Art. 206. Prescreve:
§ 1o Em um ano:
I - a pretensão dos hospedeiros ou fornecedores de víveres destinados a consumo no próprio estabelecimento, para o pagamento da hospedagem ou dos alimentos;
II - a pretensão do segurado contra o segurador, ou a deste contra aquele, contado o prazo:
a) para o segurado, no caso de seguro de responsabilidade civil, da data em que é citado para responder à ação de indenização proposta pelo terceiro prejudicado, ou da data que a este indeniza, com a anuência do segurador;
b) quanto aos demais seguros, da ciência do fato gerador da pretensão;
III - a pretensão dos tabeliães, auxiliares da justiça, serventuários judiciais, árbitros e peritos, pela percepção de emolumentos, custas e honorários;
IV - a pretensão contra os peritos, pela avaliação dos bens que entraram para a formação do capital de sociedade anônima, contado da publicação da ata da assembléia que aprovar o laudo;
V - a pretensão dos credores não pagos contra os sócios ou acionistas e os liquidantes, contado o prazo da publicação da ata de encerramento da liquidação da sociedade.
§ 2o Em dois anos, a pretensão para haver prestações alimentares, a partir da data em que se vencerem.
§ 3o Em três anos:
I - a pretensão relativa a aluguéis de prédios urbanos ou rústicos;
II - a pretensão para receber prestações vencidas de rendas temporárias ou vitalícias;
III - a pretensão para haver juros, dividendos ou quaisquer prestações acessórias, pagáveis, em períodos não maiores de um ano, com capitalização ou sem ela;
IV - a pretensão de ressarcimento de enriquecimento sem causa;
V - a pretensão de reparação civil;
VI - a pretensão de restituição dos lucros ou dividendos recebidos de má-fé, correndo o prazo da data em que foi deliberada a distribuição;
VII - a pretensão contra as pessoas em seguida indicadas por violação da lei ou do estatuto, contado o prazo:
a) para os fundadores, da publicação dos atos constitutivos da sociedade anônima;
b) para os administradores, ou fiscais, da apresentação, aos sócios, do balanço referente ao exercício em que a violação tenha sido praticada, ou da reunião ou assembléia geral que dela deva tomar conhecimento;
c) para os liquidantes, da primeira assembléia semestral posterior à violação;
VIII - a pretensão para haver o pagamento de título de crédito, a contar do vencimento, ressalvadas as disposições de lei especial;
IX - a pretensão do beneficiário contra o segurador, e a do terceiro prejudicado, no caso de seguro de responsabilidade civil obrigatório.

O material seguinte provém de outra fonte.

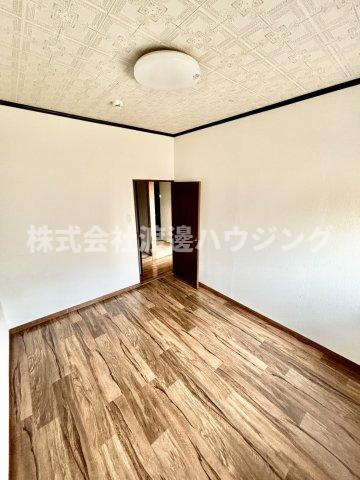 門真岸和田３丁目一戸建の洋室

§ 4o Em quatro anos, a pretensão relativa à tutela, a contar da data da aprovação das contas.
§ 5o Em cinco anos:
I - a pretensão de cobrança de dívidas líquidas constantes de instrumento público ou particular;
II - a pretensão dos profissionais liberais em geral, procuradores judiciais, curadores e professores pelos seus honorários, contado o prazo da conclusão dos serviços, da cessação dos respectivos contratos ou mandato;
III - a pretensão do vencedor para haver do vencido o que despendeu em juízo.
Assim, na prescriçao normal do cheque é de 6 meses. Passado esse tempo ele não passa de mero indício de prova escrita, desta feita ele não será regido pelo parágrafo terceiro inciso VIII do artigo supra e, sim pelo caput do mesmo artigo, ou seja, dez anos. Esse é o meu entendimento, aceitando outros desde que fundamentados.
Com a nova reforma da monitória, ficou melhor ainda essa via judicial. Espero ter esclarecido alguma coisa.